COM A AUTONOMIA ME DEITO E COM A AUTONOMIA ME LEVANTO!


      No arrazoado semântico deste enunciado quero sintetizar a elasticidade material do conceito de Autonomia, extensivo aos mais diversos sectores de uma sociedade organizada. Descendo à profundidade da análise, verificamos que o privilégio autonómico não se esgota num único estatuto social ou administrativo, antes pelo contrário, distribui-se e estrutura-se em diversos planos, todos convergentes para um mesmo objectivo: a realização concertada do serviço público. Ao fim e ao cabo, nisto reside o valor inestimável do Princípio da Subsidiariedade, solenemente reconhecida pelo Tratado de Maastricht.
         Assim, é na intersecção dinâmica de todas e de cada uma das   Autonomias que os poderes públicos levam a cabo a construção do denominado  social welfare. Neste entendimento dir-se-á da Autonomia o que se atribui aos direitos: a minha Autonomia acaba quando começa a Autonomia do outro.

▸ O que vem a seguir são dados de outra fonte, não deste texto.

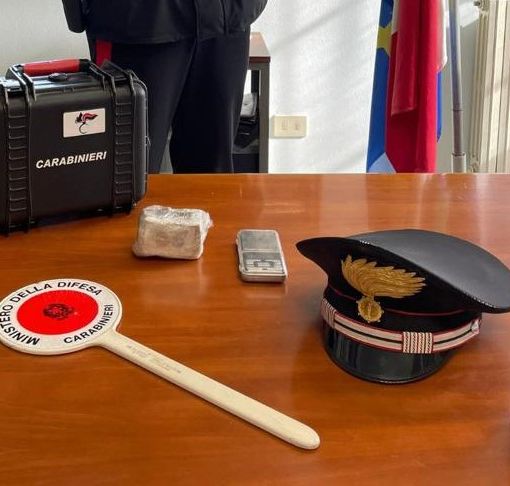 Nuova operazione antispaccio dei carabinieri: rinvenuti 200 grammi di hashish e un bivacco nei boschi di Carnago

         Para nós, Madeira e Machico, as duas datas justapostas – 1 e 2 de Julho – são a materialização  perfeita do que venho afirmando. Com efeito, oficialmente, o 1 de Julho releva a Autonomia da Região. E o 2 de Julho, Dia do desembarque das caravelas henriquinas no Cais do Desembarcadouro, representa a Autonomia da Freguesia de Machico, consignada à sua Junta.

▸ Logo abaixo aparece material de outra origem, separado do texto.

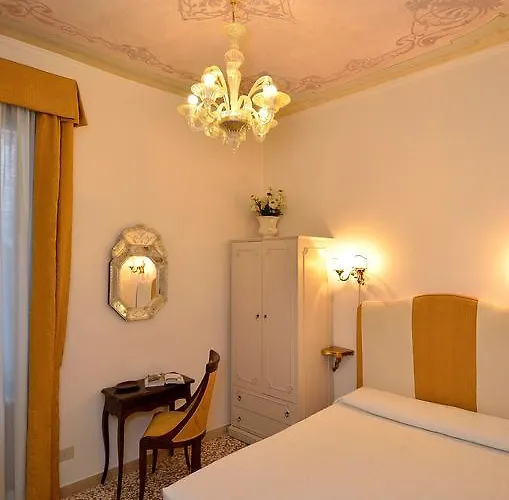 Ca Del Modena Only Panzió 3*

         Duas Autonomias, ambas respeitáveis na sua essência qualitativa, embora diversas na extensão quantitativa dos poderes e atribuições. Por isso, posso constatar e afirmar que ontem, 1 de Julho, anoiteci com a Autonomia da Região e hoje, 2 de Julho despertei com a Autonomia da minha Freguesia. E porque “a História exalta o triunfo dos vencedores”, (dos mais poderosos)  e, em proporção inversa,  subverte os poderes menores, assim também a nossa comunicação social abre-se toda à efeméride regional, deixando nas pregas do esquecimento a Autonomia Local. É a vida, diria alguém. Vida injusta, refractária, antipedagógica! E que devemos corrigi-la.

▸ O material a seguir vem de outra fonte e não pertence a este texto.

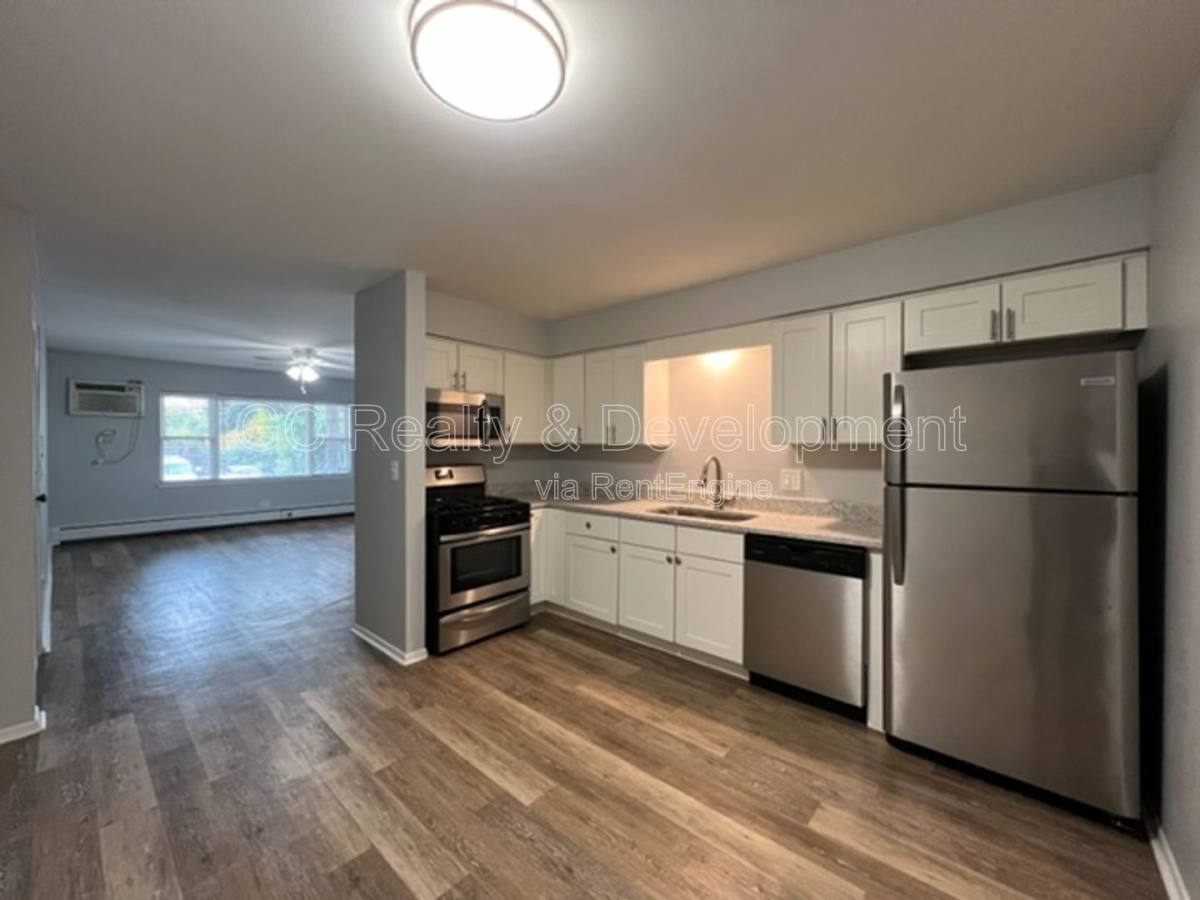 Condo for rent at 312 N Warwick Ave #1A, Westmont, IL 60559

         Mas, se as sebentas diárias assim procedem, o mesmo não deveria acontecer com quem detém competências governativas hierarquicamente  superiores. A coincidência cronologicamente similar das duas datas tem de suscitar nos poderes regionais o culto das Autonomias Locais, Câmaras e Juntas de Freguesia, mais que não fosse  por imperativo constitucional. Saturámo-nos, num passado recente, das barbaridades de quem, da torre da vigia, bradava e espumava que “Machico era o terceiro mundo”  ou que “Para Machico nem um tostão”.  Pior fica, hoje, ao inquilino da mesma torre esticar os maxilares e, de forma grotesca, imitar  ‘o velho ocupante’ esganiçando uns pregões de feirante barato com aleivosias do mesmo género, que “as Câmaras onde a Oposição governa são uma nulidade e um prejuízo para a população”. Ele, que deveria envergonhar-se de o repetir (até porque nem jeito tem para isso) pois, se recorresse à memória, lembrar-se-ia que a sua primeira ascensão à presidência autárquica foi-lhe dada de bandeja pelo ‘velho inquilino, seu mecenas’, quando o verdadeiro presidente eleito bateu com a porta…
         Juntei hoje as duas Autonomias num mesmo palco. Mas que diferença!... Lá nos salões nobres, os enfatuados rapazes do poder (conheço-os suficientemente nessa veste e de  um passado ainda fresco) alinhadinhos, espartilhados numa importância indisfarçadamente balofa a espadanar  “Autonomia, mais Autonomia e ainda mais Autonomia”, eles que nada fizeram para que a Constituição de Abril reconhecesse os direitos insulares. O cepticismo leva-me a bocejar de um humor amarelo torrado.
         Ao contrário, em Machico, batiam as doze badaladas e em pleno campo aberto do centro da cidade, a expressão genuína da Autonomia Local  proclamava a Liberdade, conquistada a pulso pelas gentes de Machico (alguns já no reino inacessível) apesar das bastonadas, coronhadas, machadadas  infligidas na dignidade “Deste Povo/ Que trabalha/ E faz o mundo novo”.